Mon cœur manqua un battement.
Kalor ne venait-il pas justement de dire que son informateur était un vieil ami ? Et comment ce dernier pourrait-il ne pas détester la Cause après ce qu’on lui avait fait subir ?
Se pouvait-il vraiment…
–Pour en revenir à notre problème, reprit Kalor dans un nuage de fumée, les dents serrées. J'espérais qu'il me contacterait et me donnerait une piste, mais je n'ai pas eu de nouvelles depuis deux mois. Sans le moindre indice pour aiguiller nos théories, nous restons dans le noir, incapables de nous préparer. Voilà pourquoi nous ne sommes pas plus avancés qu'il y a deux mois ! Le seul point dont je suis presque persuadé, c'est qu'Ulrich va tenter de se débarrasser de toi et Baldr au même moment. Ton devenir dépendait bien trop de sa naissance pour qu'il en soit autrement et cela lui correspondrait bien de chercher à faire d'une pierre deux coups.

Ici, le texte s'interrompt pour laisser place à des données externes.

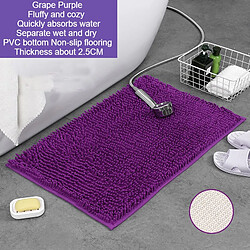 LUUCOZK Tapis de bain antidérapants, absorbants, à séchage rapide, décoration de salle de bain, AA8780, violet raisin-40X60CM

Un frisson me traversa à cette pensée. Je comprenais que les Lathos veuillent mettre un terme aux exécutions et cherchent à faire valoir leur droit à la vie, mais les actions de la Cause me rendait malade. Dire que ses dirigeants n'avaient pas le moindre scrupule à ôter la vie d'un enfant pour parvenir à leurs fins...
–Nous devons trouver un moyen de le protéger, déclarai-je avec détermination.
–De vous protéger, me corrigea Kalor.
–Sa sécurité doit primer sur la mienne. J'ai beau être affreusement maigre, je ne suis pas sans défense.
–Ce n'est pas une raison pour te laisser sans protection. À partir de maintenant, toi et Baldr ne devez plus rester seuls.
Mon estomac se noua.
–Pour combien de temps, Kalor ? Tant que la Cause te voudra sur le trône, ils chercheront à nous supprimer. Comptes-tu nous suivre comme notre ombre avec Magdalena et Valkyria jusqu'à la fin de nos jours pour t'assurer que cela n'arrive pas ? Ce ne serait pas vivable et tu le sais. Vous avez beau être plus résistants grâce à votre nature, vous ne pouvez nous protéger à longueur de temps sans finir par vous écrouler de fatigue. Peut-être même que le Marquis Piemysond n'attend qu'un tel moment pour passer à l'attaque.
La tension de ses épaules se renforça.